**Action item:**
Working from the entries below, give again each line from the first through the one containing "C, los axones", exactly and with nothing else.
*** Records supplied ***
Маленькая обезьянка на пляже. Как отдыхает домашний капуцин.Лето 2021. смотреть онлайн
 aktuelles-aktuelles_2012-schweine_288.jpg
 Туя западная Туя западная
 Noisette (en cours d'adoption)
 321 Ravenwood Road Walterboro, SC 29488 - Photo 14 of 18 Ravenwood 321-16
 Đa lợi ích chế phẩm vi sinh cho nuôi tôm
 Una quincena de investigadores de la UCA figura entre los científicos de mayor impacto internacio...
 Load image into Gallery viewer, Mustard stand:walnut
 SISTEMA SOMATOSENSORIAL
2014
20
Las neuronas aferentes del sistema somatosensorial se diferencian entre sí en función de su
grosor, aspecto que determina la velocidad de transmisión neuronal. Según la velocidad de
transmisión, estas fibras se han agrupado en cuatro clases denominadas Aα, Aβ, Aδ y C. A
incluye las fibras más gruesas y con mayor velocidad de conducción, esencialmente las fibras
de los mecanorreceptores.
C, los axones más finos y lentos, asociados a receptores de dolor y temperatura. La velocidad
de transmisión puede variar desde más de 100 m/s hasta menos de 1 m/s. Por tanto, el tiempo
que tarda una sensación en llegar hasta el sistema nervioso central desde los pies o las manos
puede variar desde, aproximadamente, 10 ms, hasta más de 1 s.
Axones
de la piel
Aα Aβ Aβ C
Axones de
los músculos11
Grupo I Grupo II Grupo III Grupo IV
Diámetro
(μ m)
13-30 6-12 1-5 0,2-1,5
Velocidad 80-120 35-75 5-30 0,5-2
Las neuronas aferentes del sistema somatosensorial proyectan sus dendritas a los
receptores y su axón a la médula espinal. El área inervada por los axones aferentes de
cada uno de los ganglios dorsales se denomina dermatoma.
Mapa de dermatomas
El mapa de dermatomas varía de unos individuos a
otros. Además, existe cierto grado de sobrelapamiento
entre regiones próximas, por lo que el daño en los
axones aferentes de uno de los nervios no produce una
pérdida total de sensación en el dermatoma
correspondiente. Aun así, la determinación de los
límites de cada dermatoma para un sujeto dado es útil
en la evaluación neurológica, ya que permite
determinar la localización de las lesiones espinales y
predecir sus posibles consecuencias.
*** End of Records supplied ***
**Written solution:**
Маленькая обезьянка на пляже. Как отдыхает домашний капуцин.Лето 2021. смотреть онлайн
 aktuelles-aktuelles_2012-schweine_288.jpg
 Туя западная Туя западная
 Noisette (en cours d'adoption)
 321 Ravenwood Road Walterboro, SC 29488 - Photo 14 of 18 Ravenwood 321-16
 Đa lợi ích chế phẩm vi sinh cho nuôi tôm
 Una quincena de investigadores de la UCA figura entre los científicos de mayor impacto internacio...
 Load image into Gallery viewer, Mustard stand:walnut
 SISTEMA SOMATOSENSORIAL
2014
20
Las neuronas aferentes del sistema somatosensorial se diferencian entre sí en función de su
grosor, aspecto que determina la velocidad de transmisión neuronal. Según la velocidad de
transmisión, estas fibras se han agrupado en cuatro clases denominadas Aα, Aβ, Aδ y C. A
incluye las fibras más gruesas y con mayor velocidad de conducción, esencialmente las fibras
de los mecanorreceptores.
C, los axones más finos y lentos, asociados a receptores de dolor y temperatura. La velocidad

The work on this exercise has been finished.